Overreacting: Small Negative Thing, Big Negative Response
Another fallacious emotional thought pattern of absolute positive thinking is that of overreacting which causes us to blow insignificant things way out of proportion. Small “wrongs” trigger major negative responses in our lives, and cause us to exaggerate what we perceive as being negative.
The emotional thought pattern of overreacting creates the tendency to come down hard on ourselves which reinforces our being our own harshest critics. Overreaction creates a negative mental formula: negative subjects or events trigger negative self-talk, and the outcome is negative results in our lives. For example, when people are asked: “What are you going to do after your leave your company?” it triggers the thought pattern: “What the heck is wrong with me, since I don’t have the foggiest idea of what I am going to do with my life?” This often results in a harmful decision: “I am going to stop the discussion of leaving my company anytime that the subject is brought up.”
Jumping to Negative Conclusions
“I Know It Won’t Work Out”
Jumping to negative conclusions is another “emotional thought pattern.” The need of people who use absolute positive thinking to make decisions quickly in order to not deal with ambiguity or uncertainty creates the tendency for us to believe negative conclusions about ourselves without giving them any careful thought or analysis.
The “emotional thought pattern” of jumping to conclusions creates the false beliefs that: “ I don’t measure up” or “I’m never good enough” which results in prejudging the idea of making a personal transition by assuming that it is not going to work out. The false conclusion stops many people from thinking about the whole idea of “what’s next” which leaves their futures open to chance. Another way the deceptive emotional thought pattern of “jumping to conclusions” interferes with making a successful transition is by a process known as negative forecasting which causes people to imagine that the transition process will turn out badly based on no logical reasoning.
Inferiority: “I Don’t Measure Up”
When we don’t live up to our ideal standards or achieve unattainable goals, the either/ or basis of absolute positive thinking causes us to feel like failures, and it further confirms the negative beliefs about ourselves that have been repressed by absolute positive thinking. The emotional thought pattern of inferiority causes us to think negatively about ourselves which reinforces negative personal convictions. Believing that who we are doesn’t measure up leads to the conviction that who we are has no value and that what we have to say or do is equally of no value to other people.
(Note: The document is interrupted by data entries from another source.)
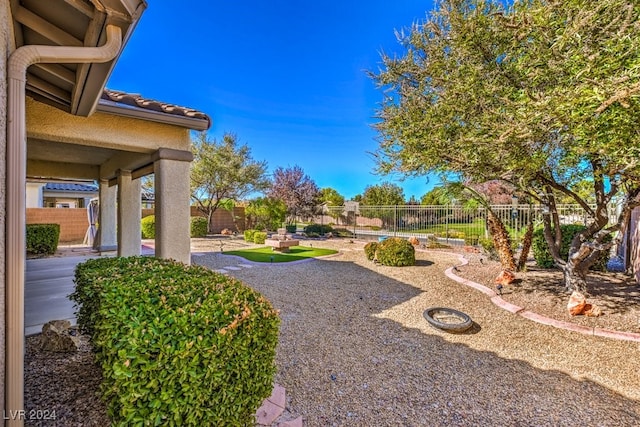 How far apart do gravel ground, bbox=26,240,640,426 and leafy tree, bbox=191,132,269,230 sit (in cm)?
1745

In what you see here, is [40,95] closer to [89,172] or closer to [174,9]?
[89,172]

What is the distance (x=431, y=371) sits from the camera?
4.09 m

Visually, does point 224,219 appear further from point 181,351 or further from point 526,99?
point 181,351

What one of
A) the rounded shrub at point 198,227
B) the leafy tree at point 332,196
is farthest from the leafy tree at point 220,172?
the leafy tree at point 332,196

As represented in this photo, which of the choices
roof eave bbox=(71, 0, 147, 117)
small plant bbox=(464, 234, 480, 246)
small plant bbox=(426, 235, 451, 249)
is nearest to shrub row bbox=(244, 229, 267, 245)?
small plant bbox=(426, 235, 451, 249)

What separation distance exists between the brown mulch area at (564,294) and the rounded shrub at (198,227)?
17.2 m

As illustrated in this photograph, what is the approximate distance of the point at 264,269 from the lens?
10.4 meters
The emotional thought pattern of inferiority often causes people to feel second-rate to others who they believe are more intelligent, attractive, social or successful than they are. It makes them feel bad for not coming from a perfect background, being perfect, doing everything perfectly. Measuring ourselves to the absolute standards of perfectionism often results in our having low opinions of ourselves and feeling frustration and a deep sense of powerlessness.
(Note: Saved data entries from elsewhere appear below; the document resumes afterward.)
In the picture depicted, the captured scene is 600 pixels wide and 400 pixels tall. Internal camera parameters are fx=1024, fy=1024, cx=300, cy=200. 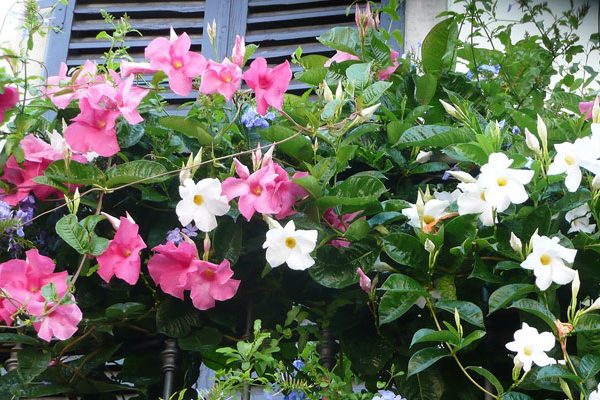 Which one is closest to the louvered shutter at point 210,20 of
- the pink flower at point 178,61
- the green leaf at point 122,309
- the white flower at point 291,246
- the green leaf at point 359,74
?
the green leaf at point 359,74

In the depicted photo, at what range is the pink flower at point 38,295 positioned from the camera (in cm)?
147

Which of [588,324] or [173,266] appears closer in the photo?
[588,324]

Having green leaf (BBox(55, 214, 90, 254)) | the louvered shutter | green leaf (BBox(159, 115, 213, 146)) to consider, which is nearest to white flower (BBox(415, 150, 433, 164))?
green leaf (BBox(159, 115, 213, 146))

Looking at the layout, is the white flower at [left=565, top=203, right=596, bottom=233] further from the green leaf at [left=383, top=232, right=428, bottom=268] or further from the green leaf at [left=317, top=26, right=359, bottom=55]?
the green leaf at [left=317, top=26, right=359, bottom=55]

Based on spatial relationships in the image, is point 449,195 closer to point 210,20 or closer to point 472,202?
point 472,202

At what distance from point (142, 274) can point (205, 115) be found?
0.28 m

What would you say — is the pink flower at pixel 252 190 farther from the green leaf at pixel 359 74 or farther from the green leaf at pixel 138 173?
the green leaf at pixel 359 74

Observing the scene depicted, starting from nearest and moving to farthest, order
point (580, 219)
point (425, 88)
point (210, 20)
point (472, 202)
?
point (472, 202)
point (580, 219)
point (425, 88)
point (210, 20)

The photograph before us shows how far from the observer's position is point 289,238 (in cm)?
142

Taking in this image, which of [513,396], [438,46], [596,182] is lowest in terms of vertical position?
[513,396]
The expanded awareness of balanced thinking helps you realize that absolute positive thinking creates a self-reinforcing feedback loop which causes us to feel negative about ourselves and creates the need to always think positively which is an overcompensation for feeling bad.
Balancing the way you think counterbalances the negative effects of absolute positive thinking by having you correctly believe that: “I do measure up.” You can fail and it can be a great learning experience. Balanced thinking offsets the emotional thought pattern of oversimplification and helps you realize that you are not a failure if you fail because what you do does not define who you are. Another way balanced thinking counterbalances the emotional thought pattern of oversimplification is by helping you discover the true positive facts of who you really are and focus on the details that need to be addressed for successful outcomes.